Wednesday, March 14, 2012

I don't wanna

Oh lordy I have to return to work today.  I feel like a third grader wanting to hold the thermometer under warm water and complain of a strange stomach ache. I have no idea where this aversion to work has come from.  I have a feeling that once I sit down at my familiar desk, it will all go away.  I'm thinking that I need to get a friend to call my cell phone around 9:30am with a fake emergency call, just in case I absolutely must get up and run away.  Jeez, my job has become a blind date.

 I may need to go into extreme simplicity mode, which is one foot in front of the other.  I am simply afraid of everything.  I remember about a year ago being on the 2nd step of a small step ladder I have had for years and for the first time, I knew better than to "jump" down.  I had always jumped down, but I knew instinctively that the landing was going to be too jarring or just plain dangerous.  I'm having that kind of feeling......it's just to jarring to jump into life and I don't wanna!  Dammit.

7 comments:

Marcia said...

it's always nice to have an escape plan.

Mary Christine said...

Oh honey, I am sorry. Do you want me to call you at 9:30?

Mary LA said...

I'd call you in a shot Pam, let me know. Yup, I know that feeling about being on a small step ladder and not wanting to step down.

A big hug for you.

Syd said...

Pammie, it is good to have a back up plan. I can be one--just tell them you discovered a long lost relative in SC and you need to come for a visit. Or that you have to wash your cat (or Theo).

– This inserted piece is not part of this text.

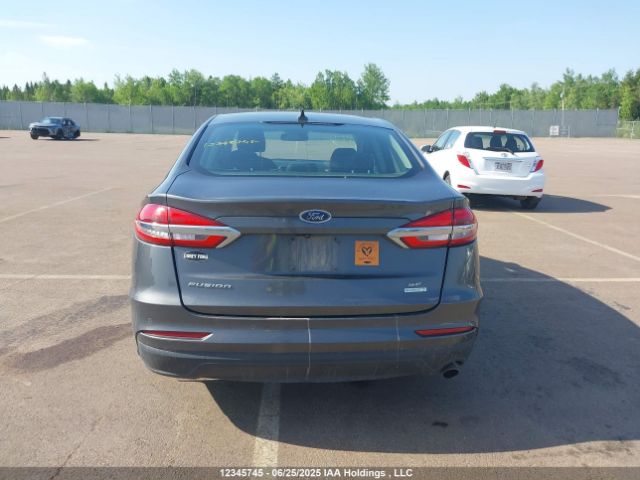 3FA6P0HD2KR122770 Ford Fusion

I'm pulling for you. I had many a day that I felt I could not stand another staff meeting or director's meeting. I wanted to run. Eventually, I got to do just that in retirement.

Scott W said...

This Too Shall Pass.

It always does.

Annette said...

Oh Pammie...I am sad for you today. ((HUG))

bugerlugs63 said...

I so know that feeling . . I like how you put it. Where on earth does it suddenly come from?

I got it today . . . "Out of the blue" all the stuff that I've been planning/dealing with like a normal grown up all seems very frightening, daunting.
Like, what was I thinking making dental appointments etc? Where's that woman from yesterday? Come back . . . quick!
I'm glad it's not just me but I really hope it passes soon.